The Wife  By Alafair Burke
Published January 23, 2018 By Harper
340 Pages
Affiliate Link Buy From Amazon

Short Summary: A celebrity husband’s scandal, a wife’s secrets, a disappearance all intersect to test loyalty and make us wonder what EXACTLY is going on.

My Thoughts: I have no idea why I waited until now to read this book, big mistake on my part. I loved the intricate web Burke created with this plot so much, even more so because she fooled me in the end. I love that! This book starts with a bang and ends with a “gasp” and includes many subtle twists and turns in between.  How tempting is this first sentence?

In an instant, I became the woman they assumed I’d been all along: the wife who lied to protect her husband. 

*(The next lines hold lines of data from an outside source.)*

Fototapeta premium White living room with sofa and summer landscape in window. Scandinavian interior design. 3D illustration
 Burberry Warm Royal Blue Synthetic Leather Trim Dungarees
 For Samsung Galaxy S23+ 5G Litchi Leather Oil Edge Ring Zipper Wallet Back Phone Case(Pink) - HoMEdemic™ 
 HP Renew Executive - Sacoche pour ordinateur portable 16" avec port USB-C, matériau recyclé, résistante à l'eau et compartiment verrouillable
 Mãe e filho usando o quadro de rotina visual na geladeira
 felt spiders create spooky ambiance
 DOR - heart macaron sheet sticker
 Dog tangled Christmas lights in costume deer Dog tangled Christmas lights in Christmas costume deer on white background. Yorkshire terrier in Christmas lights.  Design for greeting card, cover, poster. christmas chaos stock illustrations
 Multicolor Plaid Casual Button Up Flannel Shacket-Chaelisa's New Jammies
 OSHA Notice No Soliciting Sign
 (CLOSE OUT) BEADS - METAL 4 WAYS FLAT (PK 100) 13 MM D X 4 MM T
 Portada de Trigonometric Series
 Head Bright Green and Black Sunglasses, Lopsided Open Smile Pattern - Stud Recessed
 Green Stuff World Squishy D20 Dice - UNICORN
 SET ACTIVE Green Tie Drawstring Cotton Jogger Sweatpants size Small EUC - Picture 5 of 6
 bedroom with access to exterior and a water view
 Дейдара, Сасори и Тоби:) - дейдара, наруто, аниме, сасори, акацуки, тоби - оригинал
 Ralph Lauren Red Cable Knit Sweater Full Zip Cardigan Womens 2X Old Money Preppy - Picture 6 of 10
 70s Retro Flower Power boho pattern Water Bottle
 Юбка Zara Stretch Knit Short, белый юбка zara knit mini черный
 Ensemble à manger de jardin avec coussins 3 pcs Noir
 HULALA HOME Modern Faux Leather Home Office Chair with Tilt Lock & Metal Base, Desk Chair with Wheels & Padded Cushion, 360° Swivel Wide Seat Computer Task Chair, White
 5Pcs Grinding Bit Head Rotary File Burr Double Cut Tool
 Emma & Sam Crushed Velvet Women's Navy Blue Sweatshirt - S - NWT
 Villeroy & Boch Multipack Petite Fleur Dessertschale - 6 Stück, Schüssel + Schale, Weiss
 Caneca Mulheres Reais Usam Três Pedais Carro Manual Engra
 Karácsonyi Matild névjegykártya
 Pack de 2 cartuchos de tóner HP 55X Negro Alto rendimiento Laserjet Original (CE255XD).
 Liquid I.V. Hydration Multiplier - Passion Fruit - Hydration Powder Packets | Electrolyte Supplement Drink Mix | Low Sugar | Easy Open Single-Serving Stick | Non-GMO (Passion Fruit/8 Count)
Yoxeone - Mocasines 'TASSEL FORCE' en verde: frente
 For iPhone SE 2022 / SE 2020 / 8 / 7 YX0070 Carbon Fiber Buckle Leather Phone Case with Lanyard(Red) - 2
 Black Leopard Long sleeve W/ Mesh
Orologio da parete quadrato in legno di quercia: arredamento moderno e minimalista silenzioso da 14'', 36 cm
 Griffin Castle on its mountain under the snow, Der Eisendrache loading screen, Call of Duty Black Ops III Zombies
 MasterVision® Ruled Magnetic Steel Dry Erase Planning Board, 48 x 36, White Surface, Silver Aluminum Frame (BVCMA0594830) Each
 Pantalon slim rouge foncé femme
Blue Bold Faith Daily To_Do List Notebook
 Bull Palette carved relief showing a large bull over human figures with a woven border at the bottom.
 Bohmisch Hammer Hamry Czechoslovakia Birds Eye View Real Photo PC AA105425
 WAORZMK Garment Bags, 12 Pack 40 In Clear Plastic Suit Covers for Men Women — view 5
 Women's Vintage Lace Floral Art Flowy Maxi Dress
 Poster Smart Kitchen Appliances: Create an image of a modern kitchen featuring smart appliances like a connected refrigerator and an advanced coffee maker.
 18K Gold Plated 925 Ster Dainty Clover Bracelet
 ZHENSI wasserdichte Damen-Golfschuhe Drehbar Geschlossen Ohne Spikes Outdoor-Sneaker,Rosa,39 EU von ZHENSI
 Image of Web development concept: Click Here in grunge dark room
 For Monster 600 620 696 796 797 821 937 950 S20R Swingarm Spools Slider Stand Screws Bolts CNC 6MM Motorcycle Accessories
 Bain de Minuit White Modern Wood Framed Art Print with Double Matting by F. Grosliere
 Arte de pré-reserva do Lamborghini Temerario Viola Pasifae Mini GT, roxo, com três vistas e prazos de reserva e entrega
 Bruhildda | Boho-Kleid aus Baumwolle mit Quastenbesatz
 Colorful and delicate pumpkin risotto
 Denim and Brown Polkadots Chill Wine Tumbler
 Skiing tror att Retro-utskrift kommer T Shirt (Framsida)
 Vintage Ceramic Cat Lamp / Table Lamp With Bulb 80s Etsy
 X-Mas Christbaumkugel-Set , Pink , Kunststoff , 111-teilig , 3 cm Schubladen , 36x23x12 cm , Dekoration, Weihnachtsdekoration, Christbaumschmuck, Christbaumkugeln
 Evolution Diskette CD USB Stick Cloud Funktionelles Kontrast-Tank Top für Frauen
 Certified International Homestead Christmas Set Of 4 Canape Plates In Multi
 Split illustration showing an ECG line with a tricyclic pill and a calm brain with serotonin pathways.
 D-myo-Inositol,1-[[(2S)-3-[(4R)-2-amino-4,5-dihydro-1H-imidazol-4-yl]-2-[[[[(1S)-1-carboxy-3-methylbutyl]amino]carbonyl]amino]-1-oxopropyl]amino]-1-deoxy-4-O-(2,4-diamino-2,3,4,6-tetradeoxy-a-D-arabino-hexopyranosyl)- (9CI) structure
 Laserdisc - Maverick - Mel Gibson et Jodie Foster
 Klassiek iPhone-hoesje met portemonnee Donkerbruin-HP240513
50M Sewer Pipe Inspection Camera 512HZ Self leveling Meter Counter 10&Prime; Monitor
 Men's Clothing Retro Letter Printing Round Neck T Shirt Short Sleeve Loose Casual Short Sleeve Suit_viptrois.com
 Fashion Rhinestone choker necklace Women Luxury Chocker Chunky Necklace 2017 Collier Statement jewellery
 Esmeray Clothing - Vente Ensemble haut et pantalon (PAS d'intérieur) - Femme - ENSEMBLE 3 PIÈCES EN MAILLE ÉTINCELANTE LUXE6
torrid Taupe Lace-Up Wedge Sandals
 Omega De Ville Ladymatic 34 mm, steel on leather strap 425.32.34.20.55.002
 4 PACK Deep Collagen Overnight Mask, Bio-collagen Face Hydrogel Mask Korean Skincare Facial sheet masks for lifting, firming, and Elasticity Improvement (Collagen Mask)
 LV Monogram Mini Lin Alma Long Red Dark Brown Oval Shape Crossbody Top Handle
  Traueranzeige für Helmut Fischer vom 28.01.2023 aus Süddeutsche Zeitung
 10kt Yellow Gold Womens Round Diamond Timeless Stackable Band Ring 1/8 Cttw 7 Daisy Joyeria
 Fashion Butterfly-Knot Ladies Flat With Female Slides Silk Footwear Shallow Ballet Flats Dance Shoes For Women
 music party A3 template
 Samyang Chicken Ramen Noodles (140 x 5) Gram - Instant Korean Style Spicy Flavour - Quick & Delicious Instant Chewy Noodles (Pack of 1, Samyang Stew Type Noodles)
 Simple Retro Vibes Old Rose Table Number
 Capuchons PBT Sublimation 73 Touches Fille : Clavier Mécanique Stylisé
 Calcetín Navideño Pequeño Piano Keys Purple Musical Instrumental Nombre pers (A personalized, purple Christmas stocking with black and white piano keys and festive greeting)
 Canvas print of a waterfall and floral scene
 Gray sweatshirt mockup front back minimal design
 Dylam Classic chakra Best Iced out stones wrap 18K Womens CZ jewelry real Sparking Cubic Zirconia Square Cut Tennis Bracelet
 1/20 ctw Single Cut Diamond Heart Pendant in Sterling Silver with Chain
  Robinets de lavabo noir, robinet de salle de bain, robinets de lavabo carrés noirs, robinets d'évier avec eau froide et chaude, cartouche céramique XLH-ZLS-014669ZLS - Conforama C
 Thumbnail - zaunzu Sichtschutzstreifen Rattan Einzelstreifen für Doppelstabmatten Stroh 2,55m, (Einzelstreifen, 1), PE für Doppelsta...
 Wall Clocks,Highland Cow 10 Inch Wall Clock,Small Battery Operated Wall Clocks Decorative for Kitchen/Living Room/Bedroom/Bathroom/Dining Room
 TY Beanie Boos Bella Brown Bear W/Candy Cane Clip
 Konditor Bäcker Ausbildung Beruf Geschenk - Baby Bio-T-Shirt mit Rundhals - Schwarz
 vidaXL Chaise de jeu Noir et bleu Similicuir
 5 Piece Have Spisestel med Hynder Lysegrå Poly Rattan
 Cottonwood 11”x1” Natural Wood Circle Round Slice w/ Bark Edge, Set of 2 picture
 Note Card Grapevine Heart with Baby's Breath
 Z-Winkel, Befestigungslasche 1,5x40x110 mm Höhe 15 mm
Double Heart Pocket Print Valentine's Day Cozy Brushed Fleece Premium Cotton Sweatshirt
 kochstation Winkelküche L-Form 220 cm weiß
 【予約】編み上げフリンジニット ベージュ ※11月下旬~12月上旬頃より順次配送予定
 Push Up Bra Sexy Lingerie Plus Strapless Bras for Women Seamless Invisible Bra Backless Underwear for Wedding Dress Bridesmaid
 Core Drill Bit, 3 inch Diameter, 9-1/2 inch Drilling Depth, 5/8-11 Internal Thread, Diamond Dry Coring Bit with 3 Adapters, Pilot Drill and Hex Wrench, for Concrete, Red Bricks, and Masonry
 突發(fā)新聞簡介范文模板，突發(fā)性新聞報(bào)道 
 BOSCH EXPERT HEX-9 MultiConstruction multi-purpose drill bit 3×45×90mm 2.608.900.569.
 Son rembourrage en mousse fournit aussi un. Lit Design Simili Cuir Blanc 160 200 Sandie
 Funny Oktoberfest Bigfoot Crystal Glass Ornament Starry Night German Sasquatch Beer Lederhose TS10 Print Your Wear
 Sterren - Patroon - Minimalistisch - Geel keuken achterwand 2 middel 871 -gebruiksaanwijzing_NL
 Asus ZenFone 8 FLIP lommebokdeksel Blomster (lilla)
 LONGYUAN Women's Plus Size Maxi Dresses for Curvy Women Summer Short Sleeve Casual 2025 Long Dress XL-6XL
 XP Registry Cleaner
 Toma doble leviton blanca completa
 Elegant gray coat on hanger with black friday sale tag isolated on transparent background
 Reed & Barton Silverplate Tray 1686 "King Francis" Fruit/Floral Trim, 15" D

Of course I can’t even give you a smidge of a hint about the ending but know this…it’s perfection. What I love about Burke’s writing is her ability to weave an intricate plot that caused me to guess, question everything, guess again, and then realize I wasn’t going to figure this out any time soon, hence the late night of reading. The story is layered and very clever, yet also incorporates timely subject matter which made it feel “ripped from the headlines.” I don’t want to give a single plot detail away so I’ll just say pick this up if you’re looking for a QUALITY psychological thriller that lives up to the thriller title. And if you love this (I think you will), try Burke’s book All Day and a Night , a Throwback Thursdaypick from long ago.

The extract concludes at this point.